#### EXERCISE INSTRUCTIONS:
Within the entries below, please retype exactly the lines starting with the line that has "Just to tidy" and going on through the line that has "Hi you guys, welcome", but not the pictures.
INPUT START
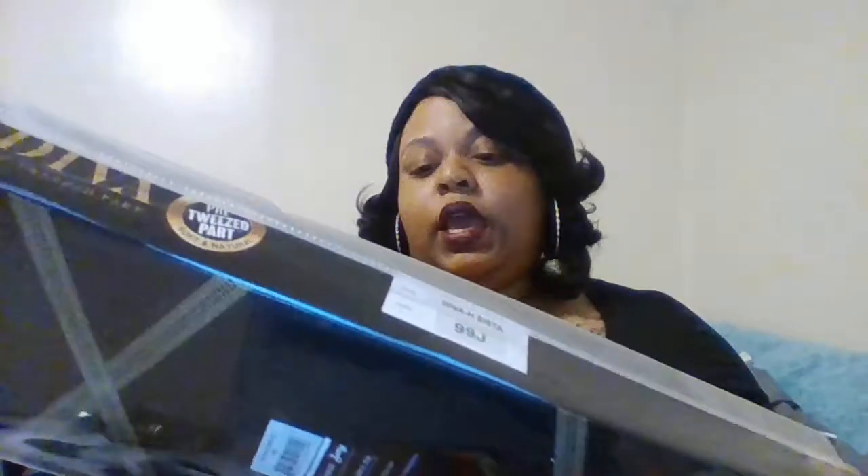Hi guys, I'm back with another wig review — I know it's been a while but I'm back, so let's jump straight into it. This is the Diva H Sister pre-tweezed part wig. I love the box — it's a great black and gold box for storing. I have her in a 99J and I only wore her once and put her straight back in the box, so you're going to see she's not so perfect.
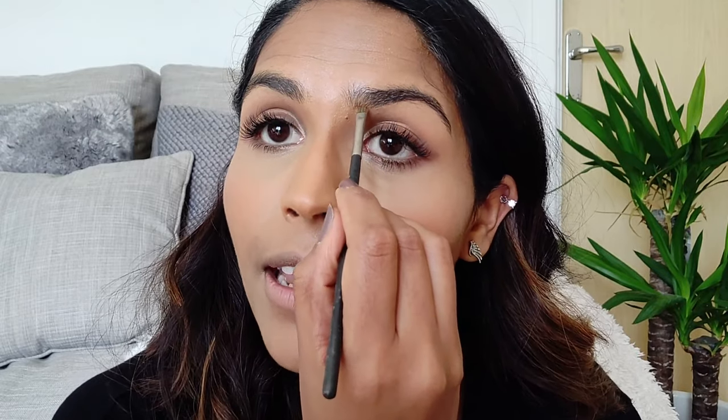Just to tidy up my brows, I'm using the NYX brow pomade in the shade Espresso. I don't usually do much to my brows — I just fill them in a tiny bit to make them look tidier. I don't like them too dark or too shaped. I have quite bushy brows anyway, so I like that look.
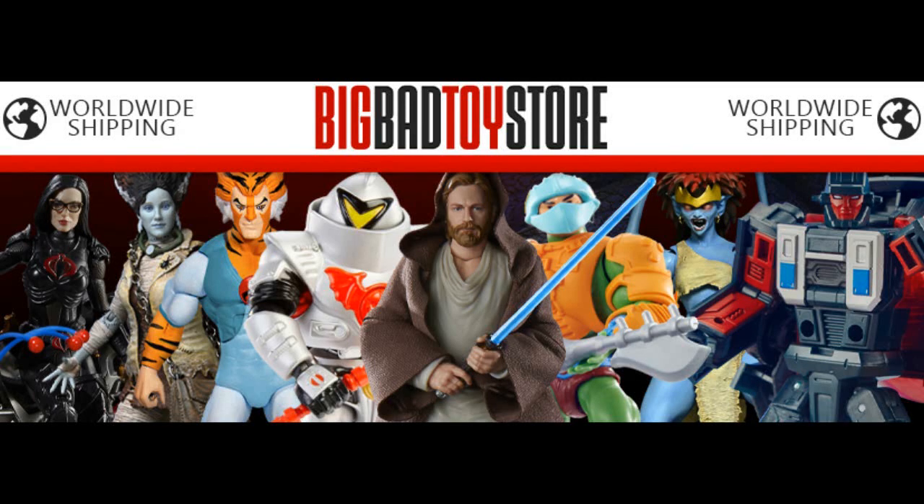This video is brought to you by Big Bad Toy Store. Make your purchases through my personal link in the description to help out the channel.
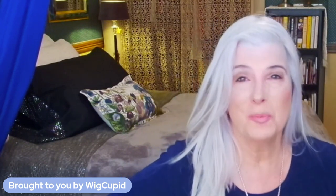This beautiful topper style was sent to me for review by WigCupid.com. I'll put the discount code in the show notes below. If you head over to WigCupid.com, you can research the styles they have there — scroll down and you'll find a chat button where you can leave a message, and they typically respond within one business day.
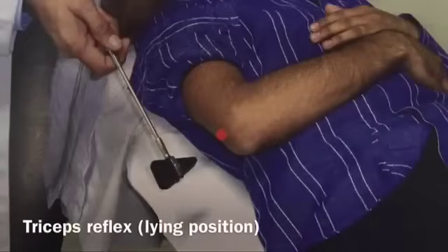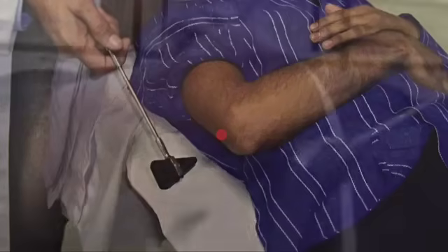Tricep reflex — lying position. Ask the subject to lie supine, flex the elbow, and allow the forearm to rest across the subject's chest. Tap the triceps tendon just above the olecranon with the narrow end of the patellar hammer. The triceps contraction leads to extension at the elbow.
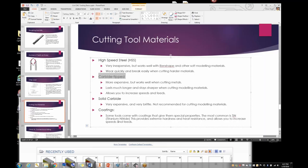Students need to know that some tools have coatings. They'll see some gold-colored ones and wonder if they're coated with gold — it's actually titanium nitride, which makes the tool harder, gives it more heat resistance, and allows you to increase speeds and feeds.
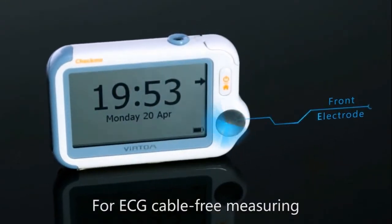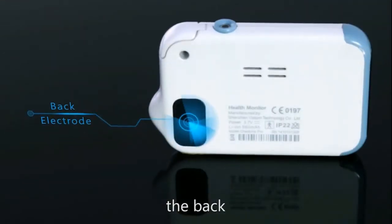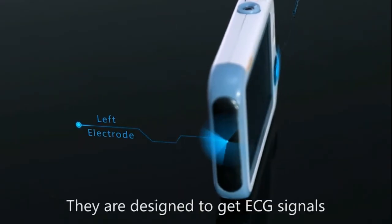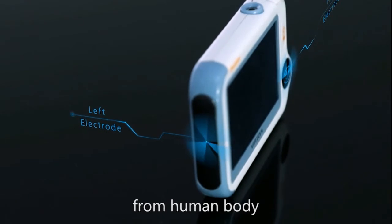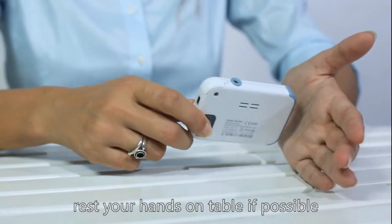For ECG cable-free measuring, there are three electrodes: the front, the back, and the left. They are designed to get ECG signals from the human body. To get stable ECG signals, rest your hands on a table if possible.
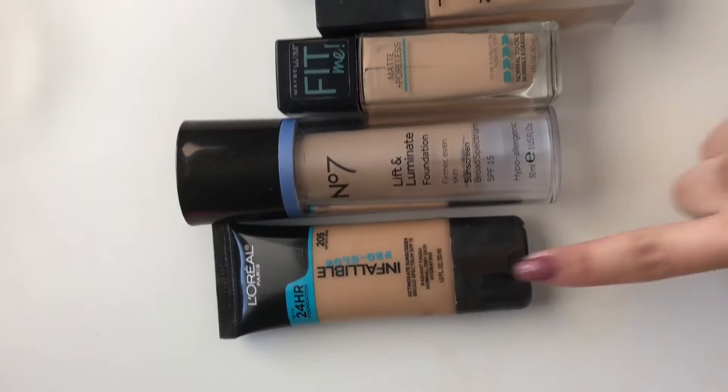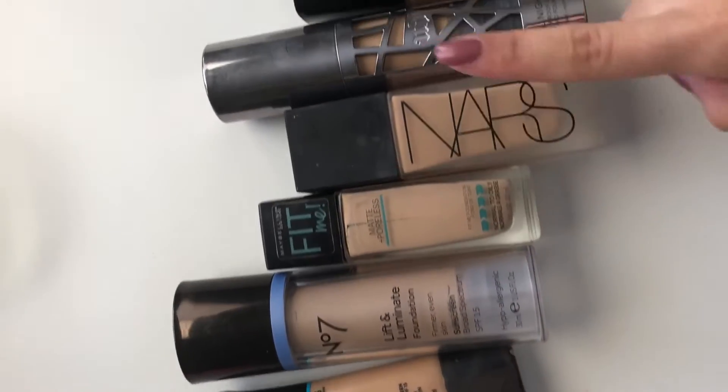Hi you guys, welcome back to my channel. My name is Ashley Amaya and for today's video I'm gonna be mixing all of my foundations, which are my holy grail foundations — my matte full coverage foundation and my medium light dewy coverage foundation. I'm pretty excited to see how they all apply when I mix them all together. I'm just gonna be showing you guys which foundations I'll be mixing, so let's get started.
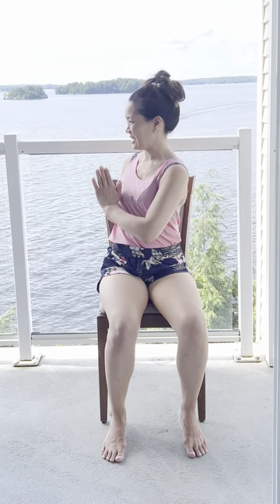Good. Come on back to center, breathing in, and exhale, twist to the left. Great. Come on back to center, breathing in, breathing out, release the arms.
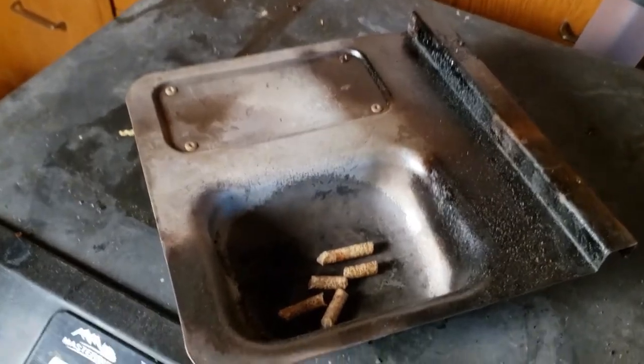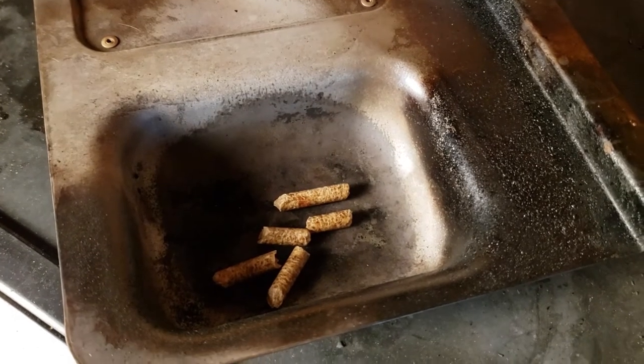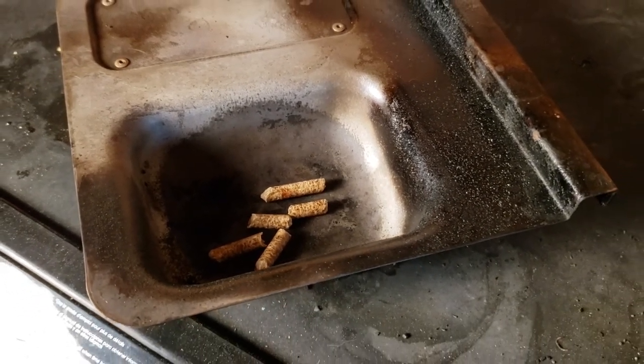So you have to use only a few pellets when you're smoking with the Masterbuilt Electric Smoker. How few? I would use only around five pellets. You only need about five of them to generate the amount of smoke you need to smoke your food. And then when that smoke dies down, every hour or every hour and a half, you can put another five pellets in.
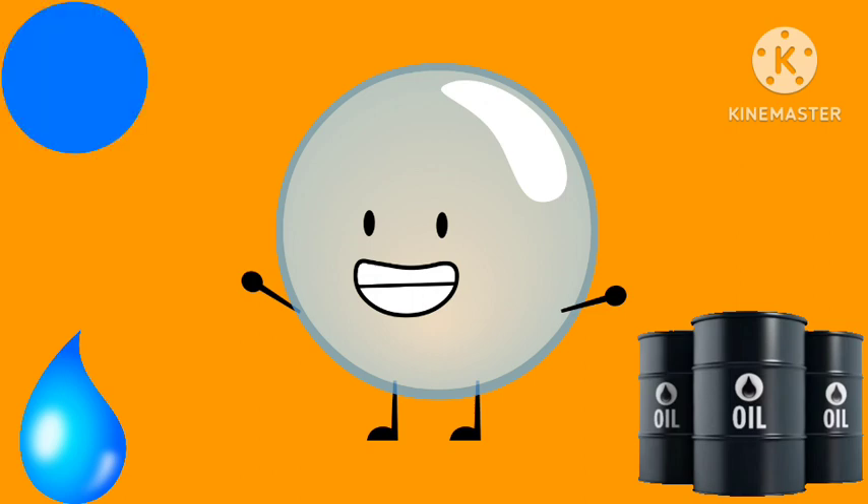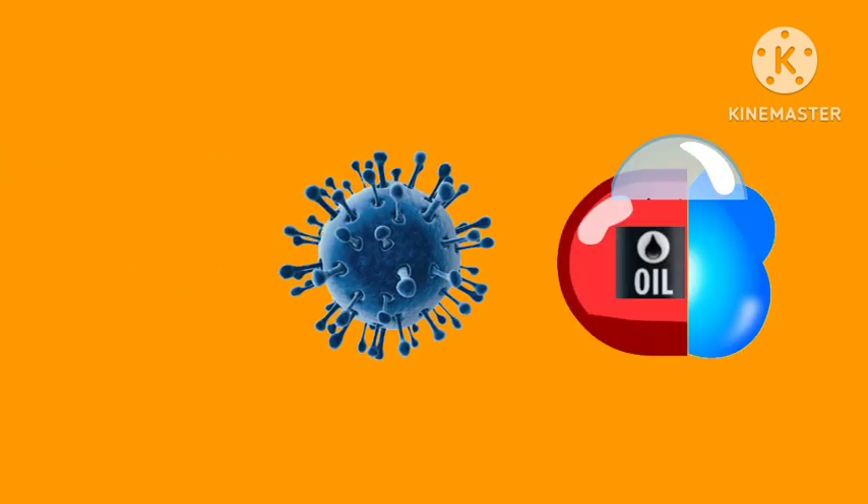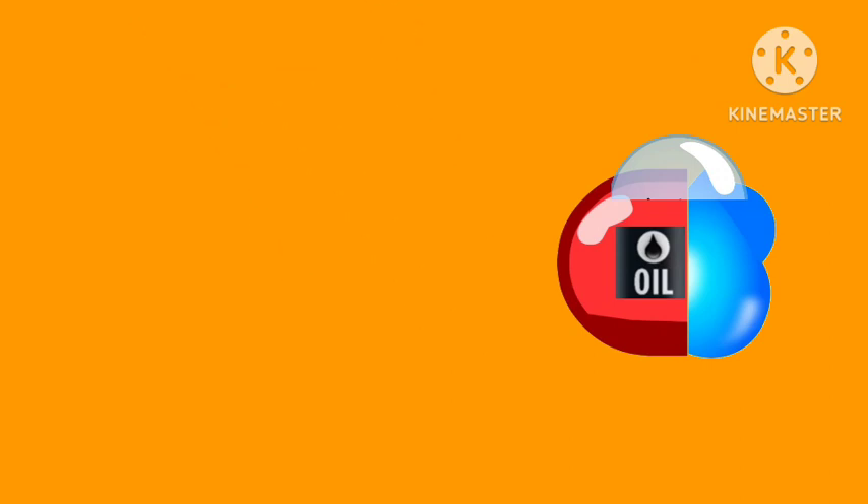A waterfall and a pin — mix them and make a water pin. Thus, the designs come to buy bags. Without them, the bubbles would probably not fly in the sky.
INPUT END
#### WRITTEN RESPONSE:
Just to tidy up my brows, I'm using the NYX brow pomade in the shade Espresso. I don't usually do much to my brows — I just fill them in a tiny bit to make them look tidier. I don't like them too dark or too shaped. I have quite bushy brows anyway, so I like that look.
This video is brought to you by Big Bad Toy Store. Make your purchases through my personal link in the description to help out the channel.
This beautiful topper style was sent to me for review by WigCupid.com. I'll put the discount code in the show notes below. If you head over to WigCupid.com, you can research the styles they have there — scroll down and you'll find a chat button where you can leave a message, and they typically respond within one business day.
Tricep reflex — lying position. Ask the subject to lie supine, flex the elbow, and allow the forearm to rest across the subject's chest. Tap the triceps tendon just above the olecranon with the narrow end of the patellar hammer. The triceps contraction leads to extension at the elbow.
Students need to know that some tools have coatings. They'll see some gold-colored ones and wonder if they're coated with gold — it's actually titanium nitride, which makes the tool harder, gives it more heat resistance, and allows you to increase speeds and feeds.
For ECG cable-free measuring, there are three electrodes: the front, the back, and the left. They are designed to get ECG signals from the human body. To get stable ECG signals, rest your hands on a table if possible.
Hi you guys, welcome back to my channel. My name is Ashley Amaya and for today's video I'm gonna be mixing all of my foundations, which are my holy grail foundations — my matte full coverage foundation and my medium light dewy coverage foundation. I'm pretty excited to see how they all apply when I mix them all together. I'm just gonna be showing you guys which foundations I'll be mixing, so let's get started.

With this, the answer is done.